Ready for AI? Start With AI Ethics
In the past 12 months, artificial intelligence has become headline news, and not always for the right reasons. We’ve heard stories of sexist AI hiring algorithms, racist face detection algorithms, and AIs using your private social media data to influence elections. Embarrassing AI failures such as these can damage your reputation, incur regulatory penalties, and even negatively impact a company’s stock prices.
These AI failures have received much attention and scrutiny from the media, but many of these news articles focus on the fear factor, devoting their narrative to doom and gloom forecasts and the inscrutability of complex algorithms. Too few news stories explore the true root causes of the problems. It’s no wonder that some businesses are wavering in their decision to move forward. On the one hand, they know that they need to embrace AI innovation to remain competitive. On the other hand, they know that AI can be challenging. How do you manage AI to ensure that it follows your business rules and core values? For AI to be successful, it needs to be trustworthy.
For AI to be trusted, it needs to be aligned with your interests. Trusted AI is AI that shares your values, that you can understand, and that works as planned.
AI Ethics is Good for Business
Ethical behavior is good for business. For example, in the study “Doing Well by Doing Good: The Benevolent Halo of Corporate Social Responsibility” marketing professor Alexander Chernev concluded that acts of corporate social responsibility, even when they are unrelated to the company’s core business, influence consumer perceptions of the functional performance of the company’s products. The products of companies engaged in socially responsible activities are likely to be perceived as being of higher quality. And the benefits of ethical behavior go beyond customer perception.
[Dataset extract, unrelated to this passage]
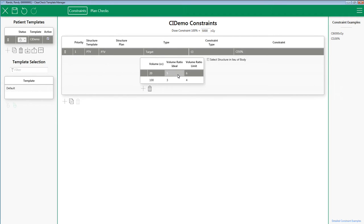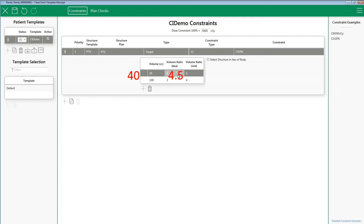Here's how the table works. If I have a target volume of 40 CC, that is in between my 20 CC and 100 CC volume values. This means a linear interpolation will take place. My ideal would be 4.5 and my limit ratio would be 5.5 because of the linear interpolation.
The research paper “Ethics as a Risk Management Strategy” concluded that “there are compelling reasons to consider good ethical practice to be an essential part of … risk management” and that the benefits of ethical behavior include the identification of potential risks, fraud prevention, and reduced court penalties.
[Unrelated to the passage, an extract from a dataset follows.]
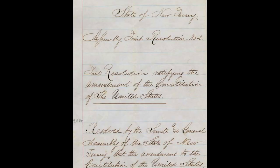New Jersey ratified the 13th Amendment in 1866. Kentucky ratified the 13th Amendment in 1976. And Delaware ratified the 13th Amendment in 1901.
A Growing Consensus on the Principles of AI Ethics
Governments around the world have responded, publishing guidelines for AI ethics principles such as the OECD Principles on Artificial Intelligence. Here too at DataRobot, we’ve been a part of that trend, publishing a white paper on the principles of AI ethics. The good news is that the ideas expressed in these documents are converging, that there is a growing consensus around the world on the principles of ethical AI. But these are just principles, not detailed guidance. In general, governments haven’t been prescriptive, with the rare exceptions of GDPR and industry-specific regulations such as the Equal Credit Opportunity Act. So, people remain unsure about the practical steps they can take to apply AI ethics. Furthermore, every organization is different, having its own unique values, and there’s more to ethics and risk management than merely obeying the law.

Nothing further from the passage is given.